» What you should do
In the entries that follow, the lines from the line containing "For Rent - Bachelors and 1 Bath - Photo 2" up to and including the line containing "2/73 Vintage Drive Henderson_15" must be copied exactly, with pictures omitted.

» Data extracts
──────────
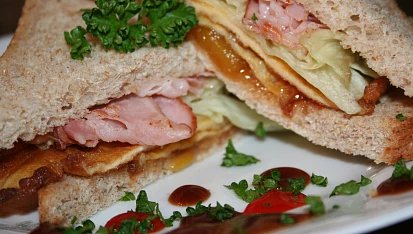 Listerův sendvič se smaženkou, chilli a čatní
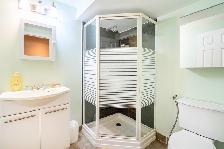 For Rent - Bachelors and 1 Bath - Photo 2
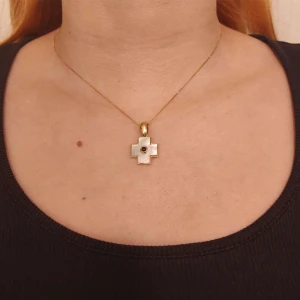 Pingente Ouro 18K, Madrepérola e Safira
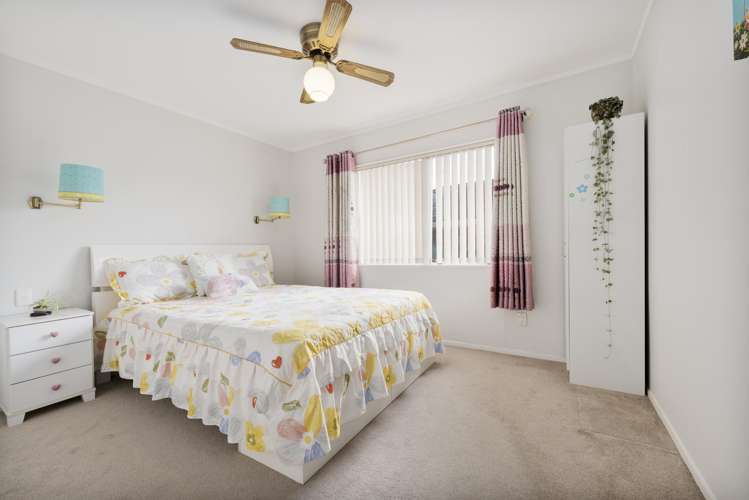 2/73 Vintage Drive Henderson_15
──────────
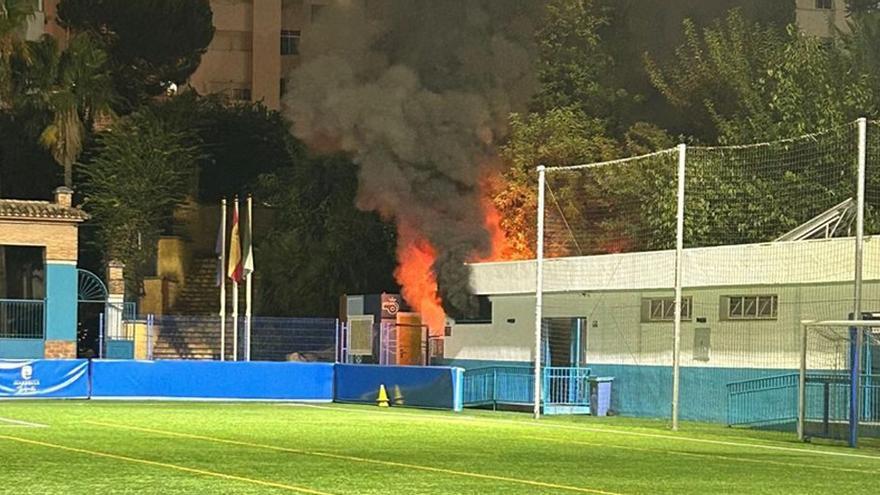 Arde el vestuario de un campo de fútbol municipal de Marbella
──────────
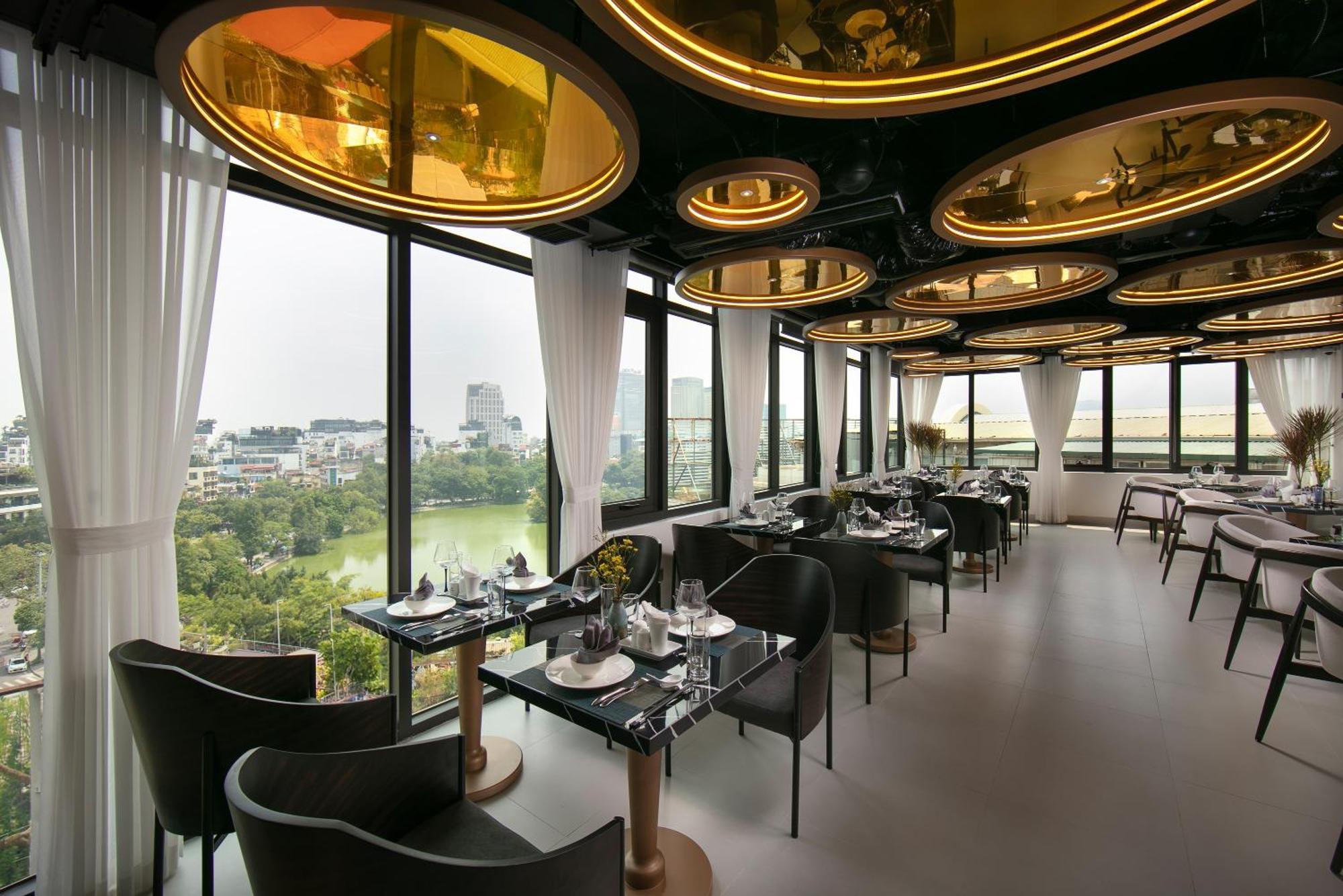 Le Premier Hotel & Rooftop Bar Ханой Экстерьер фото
──────────
» Exercise output
 For Rent - Bachelors and 1 Bath - Photo 2
 Pingente Ouro 18K, Madrepérola e Safira
 2/73 Vintage Drive Henderson_15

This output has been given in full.